**What this task involves**.
Carry over every entry exactly as written, though not the pictures it contains.
■ ■ ■
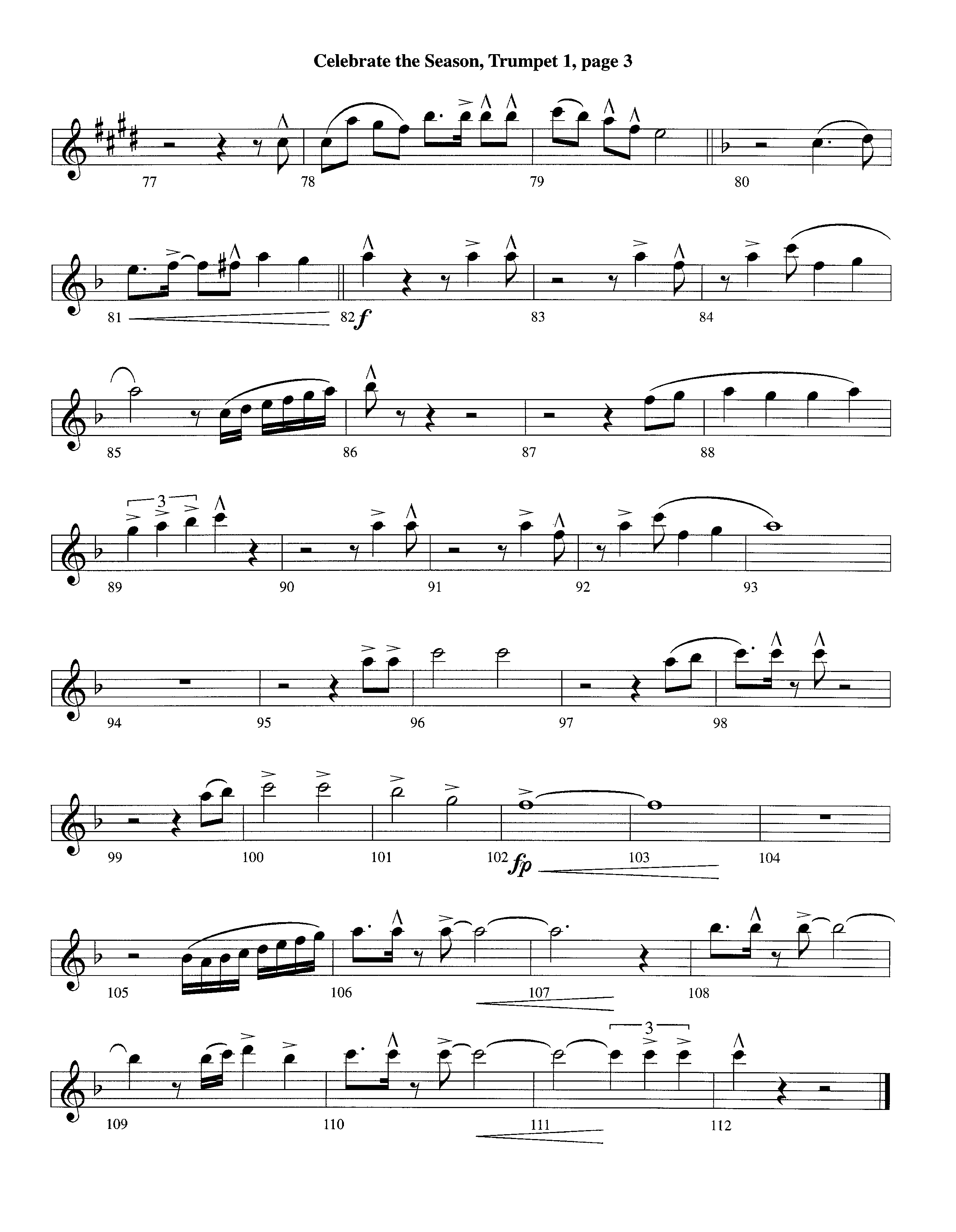 Celebrate The Season (Instrumental) Trumpet 1 (Lifeway Worship / Arr. Richard Kingsmore)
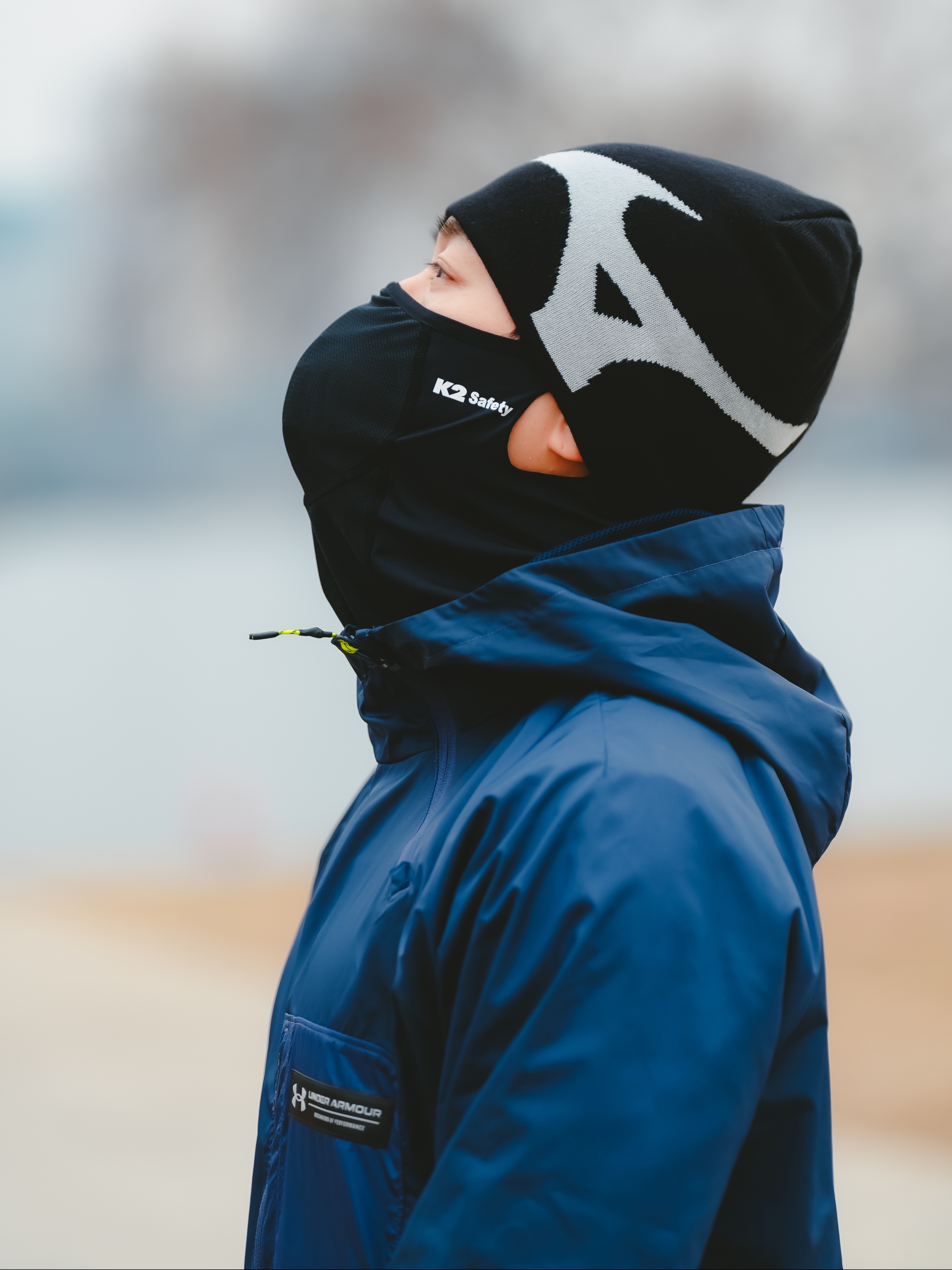 [Phyps Dept X Mizuno] Jacquard Beanie Black 착용 스타일 - 2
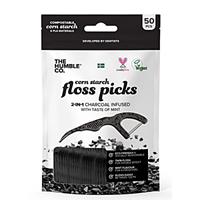 The Humble Co Humble Floss Picks Houtskool 50 stuks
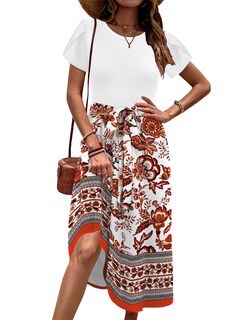Foto 2 | Foto 2 | Vestido Midi Zeagoo 2025 Verano Manga Corta Rojo Floral M - Venta Internacional.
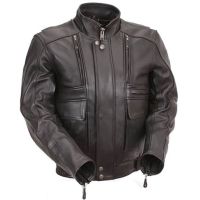 Naked Leather Motorcycle Jacket with Side Stretch Panels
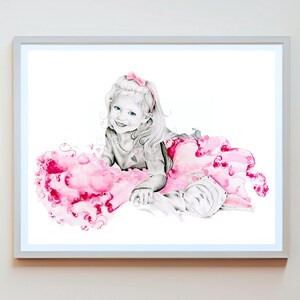 Custom Hand Drawn Portrait, Watercolor Pencil Art, Personalized Family Gift image 2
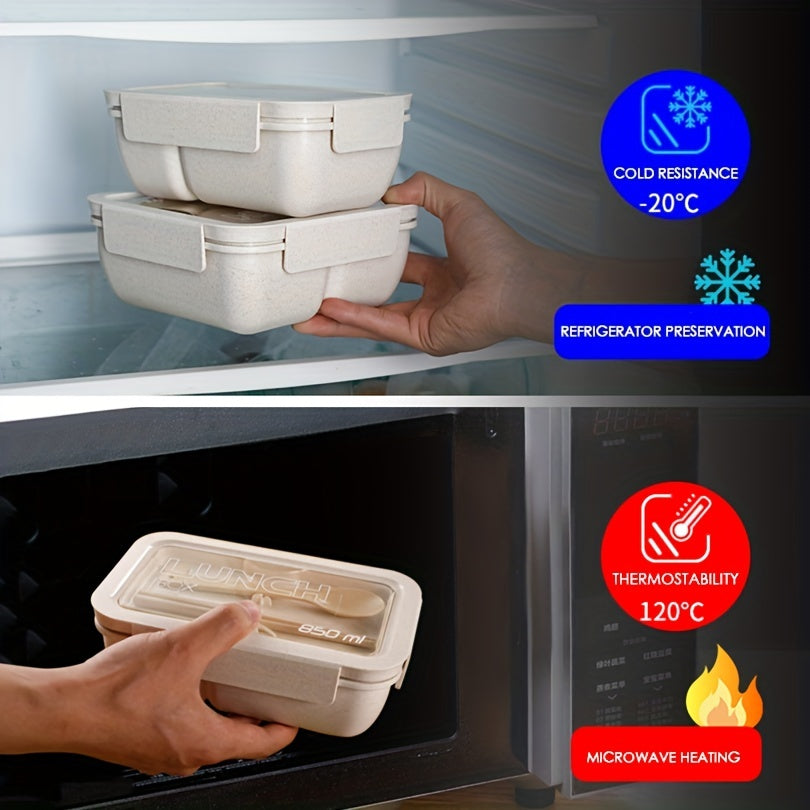 Izolyatsiyalangan tushlik qutisi to'plami, stol uchun idishlar bilan, ofis va maktab uchun kvadrat bo'lingan bug'doy simi Bento qutisi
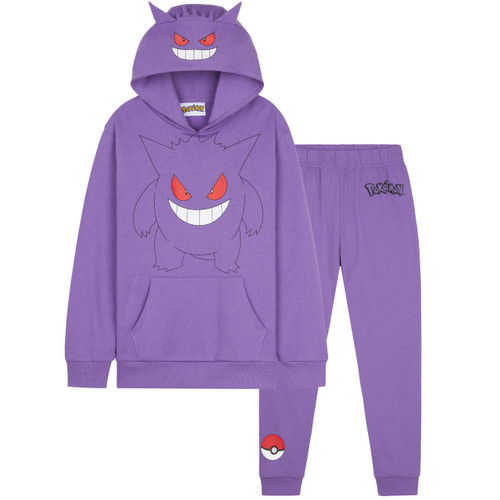 Pokemon Tracksuit Set Boys, Teens, 2 Pc Hoodie Joggers, Anime Hoodie Sweatpants Kids Clothes Teen Apparel, Gifts for Boys (13-14 Years, Purple Gengar)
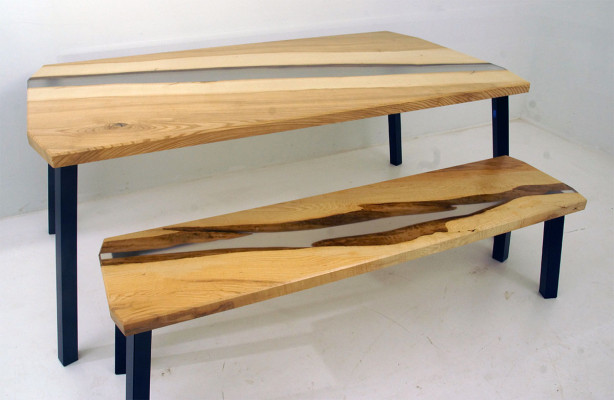 Epoxy resin table stool 2 pieces. Set of Real Wood Waterfall River Tables Group new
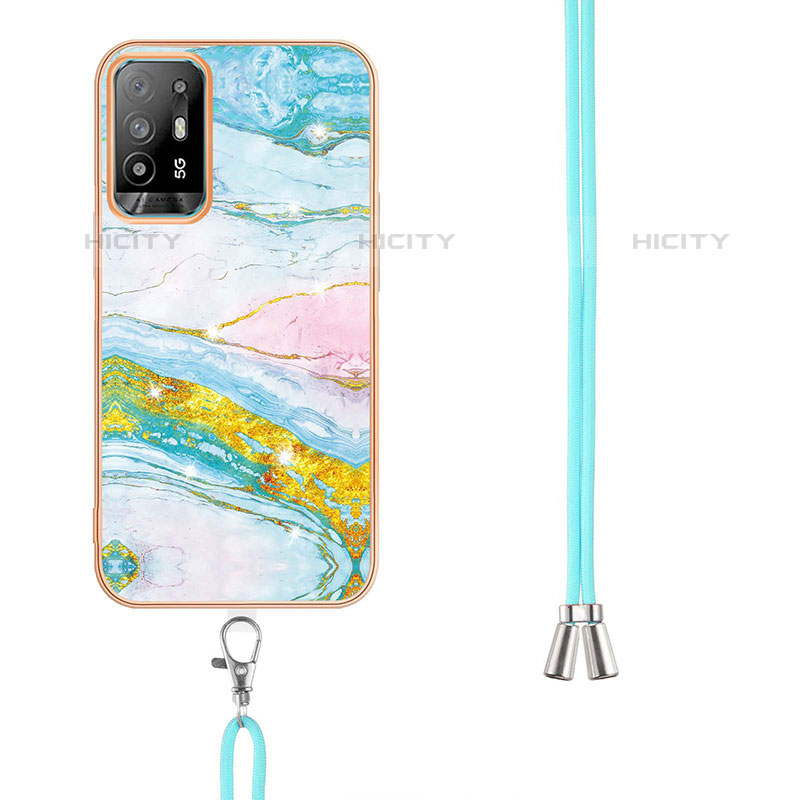 Custodia Silicone Gel Morbida Fantasia Modello Cover con Cinghia Cordino Mano Y05B per Oppo A95 5G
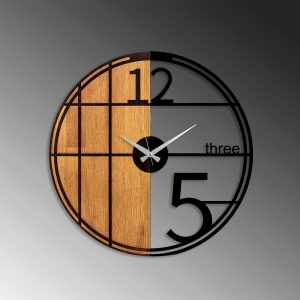 Ceas de perete, Wooden Clock, Lemn/metal, ø56 cm, Nuc / Negru - imagine 4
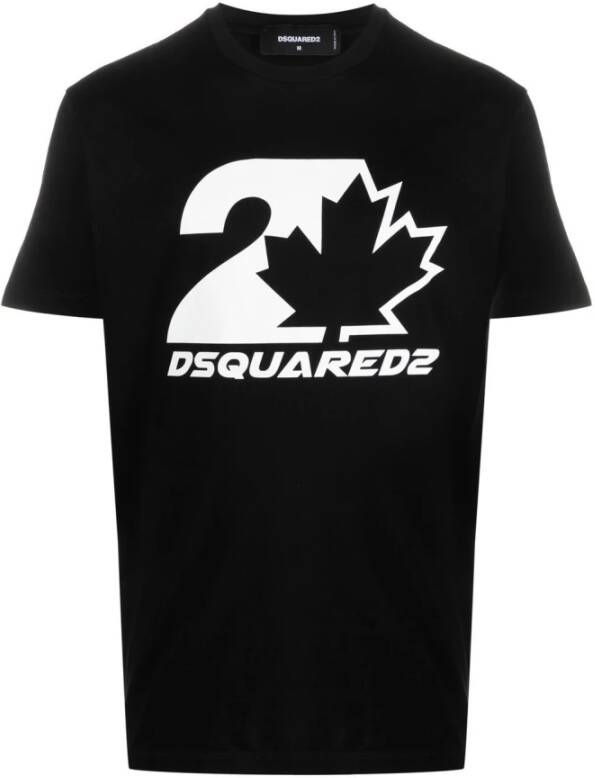 Dsquared2 Logo-Print Katoenen T-Shirt voor Heren Zwart Heren
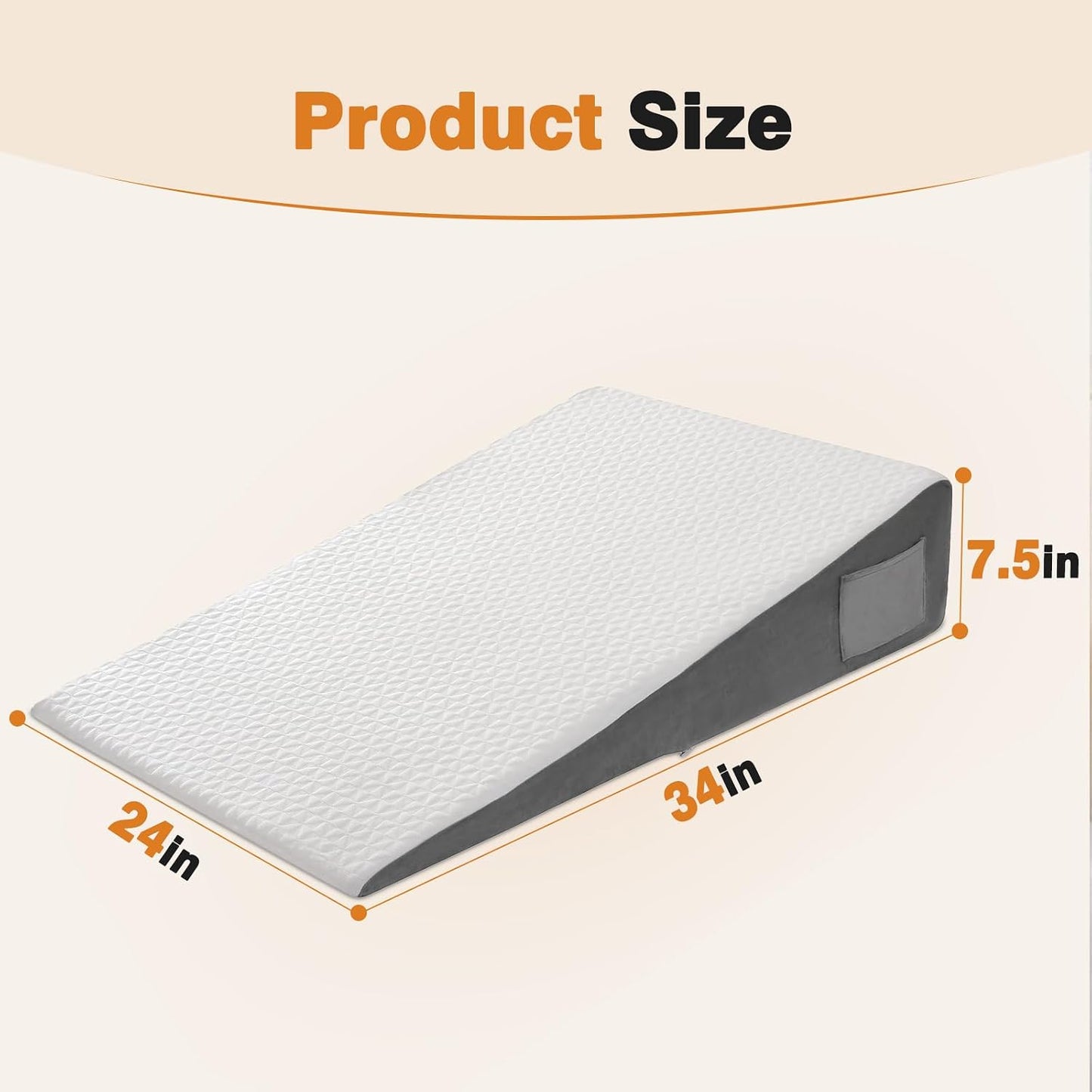 Vekkia 34" Extra-Long Wedge Pillow, 5.5" Bed Wedge Pillow for Sleeping,Gray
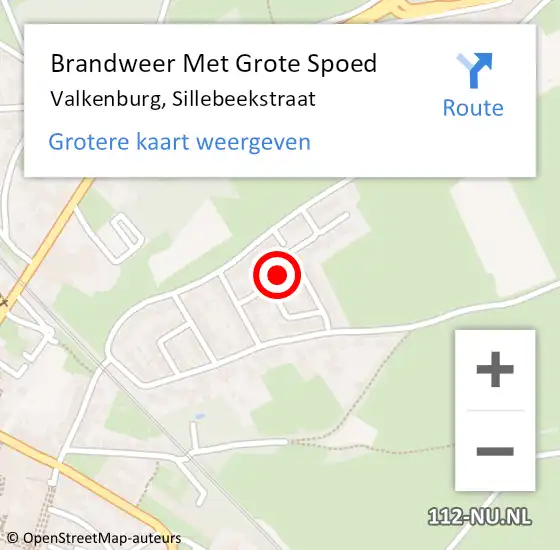 Locatie op kaart van de 112 melding: Brandweer Met Grote Spoed Naar Valkenburg, Sillebeekstraat op 18 december 2023 09:28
■ ■ ■
**Answer**.
 Celebrate The Season (Instrumental) Trumpet 1 (Lifeway Worship / Arr. Richard Kingsmore)
 [Phyps Dept X Mizuno] Jacquard Beanie Black 착용 스타일 - 2
 The Humble Co Humble Floss Picks Houtskool 50 stuks
Foto 2 | Foto 2 | Vestido Midi Zeagoo 2025 Verano Manga Corta Rojo Floral M - Venta Internacional.
 Naked Leather Motorcycle Jacket with Side Stretch Panels
 Custom Hand Drawn Portrait, Watercolor Pencil Art, Personalized Family Gift image 2
 Izolyatsiyalangan tushlik qutisi to'plami, stol uchun idishlar bilan, ofis va maktab uchun kvadrat bo'lingan bug'doy simi Bento qutisi
 Pokemon Tracksuit Set Boys, Teens, 2 Pc Hoodie Joggers, Anime Hoodie Sweatpants Kids Clothes Teen Apparel, Gifts for Boys (13-14 Years, Purple Gengar)
 Epoxy resin table stool 2 pieces. Set of Real Wood Waterfall River Tables Group new
 Custodia Silicone Gel Morbida Fantasia Modello Cover con Cinghia Cordino Mano Y05B per Oppo A95 5G
 Ceas de perete, Wooden Clock, Lemn/metal, ø56 cm, Nuc / Negru - imagine 4
 Dsquared2 Logo-Print Katoenen T-Shirt voor Heren Zwart Heren
 Vekkia 34" Extra-Long Wedge Pillow, 5.5" Bed Wedge Pillow for Sleeping,Gray
 Locatie op kaart van de 112 melding: Brandweer Met Grote Spoed Naar Valkenburg, Sillebeekstraat op 18 december 2023 09:28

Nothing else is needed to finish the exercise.